10. The learned Judge also referred to a decision in R. V. Kumarasami 2 M.H C.R. 331 which was a case under s. 498 of the Indian Penal Code. It was held there that if whilst the wife was living with her husband, a man knowingly went away with her in such a way as to deprive the husband of his control over her with the intent stated in the section, it would be a taking from the husband within the meaning of the section.

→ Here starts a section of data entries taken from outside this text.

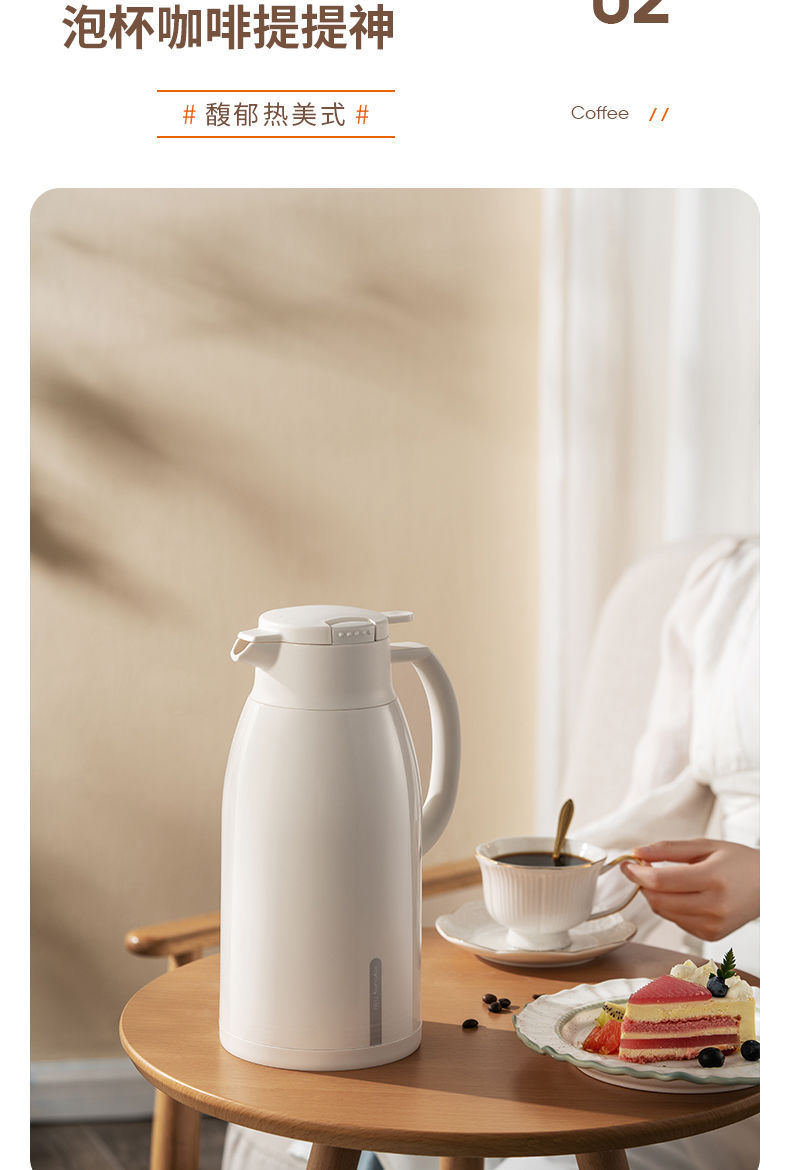 九阳保温壶保温水壶24小时长效保温大容量1.9L 一键按压出水绿色- Weee!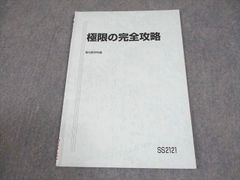 【駿台】『極限の攻略　杉山義明師』　　+α 駿台夏期講習 極限の攻略 杉山義明 - メルカリ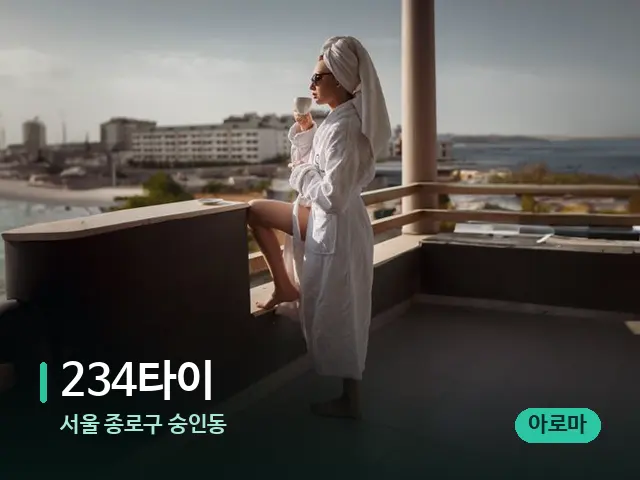 서울 종로구 숭인동 234타이 — 휴식 분위기의 스파 공간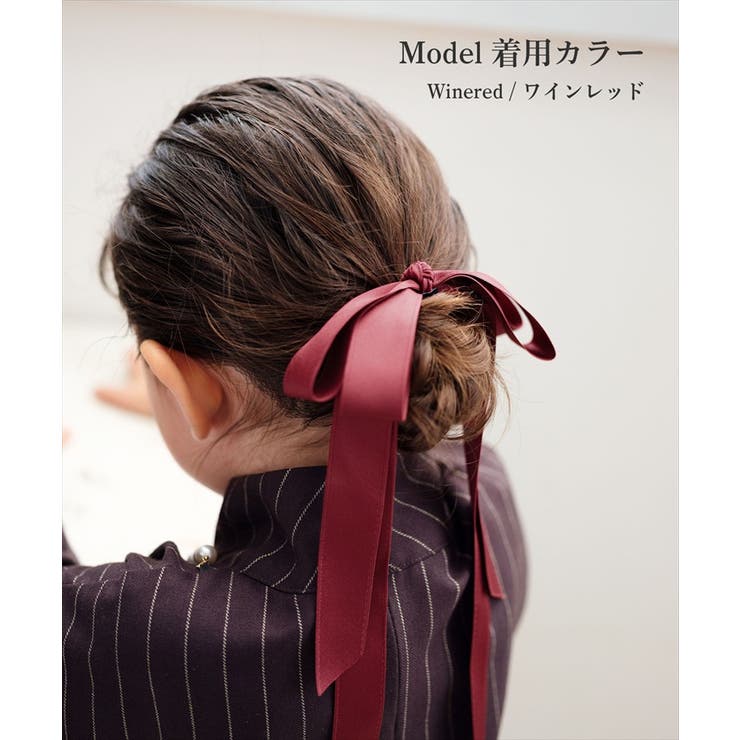 Rora レア ロングリボン ヘアゴム | BACKYARD FAMILY | 詳細画像10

11. It must, however, be borne in mind that there is a distinction between 'taking : and allowing a minor to accompany a person. The two expression are not synonymous though we would like to guard ourselves from laying down that in no conceivable circumstance can the two be regarded as meaning the same thing for the purposes of s. 361 of the Indian Penal Code. We would limit ourselves to a case like the present where the minor alleged to have been taken by the accused person left her father's protection knowing and having capacity to know the full import of what she was doing voluntarily joins the accused person. In such a case we do not think that the accused can be said to have taken her away from the keeping of her lawful guardian. Something more has to be shown in a case of this kind and that is some kind of inducement held out by the accused person or an active participation by him in the formation of the intention of the minor to leave the house of the guardian.
12. It would, however, be sufficient if the prosecution establishes that though immediately prior to the minor leaving the father's protection no active part was played by the accused, he had at some earlier stage solicited or persuaded the minor to do so. In our opinion if evidence to establish one of those things is lacking it would not be legitimate to infer that the accused is guilty of taking the minor out of the keeping of the lawful guardian merely because after she has actually left her guardian's house or a house where her guardian had kept her, joined the accused and the accused helped her in her design not to return to her guardian's house by taking her along with him from place to place. No doubt, the part played by the accused could be regarded as facilitating the fulfillment of the intention of the girl. That part, in our opinion, falls short of an inducement to the minor to slip out of the keeping of her lawful guardian and is, therefore, not tantamount to 'taking'.
13. The case before us is not of a kind considered by Srinivasa Aiyangar J., in that the facts established do not show that Savitri would not have left K. Natarajan's house in which her father had left her without the active help of the appellant.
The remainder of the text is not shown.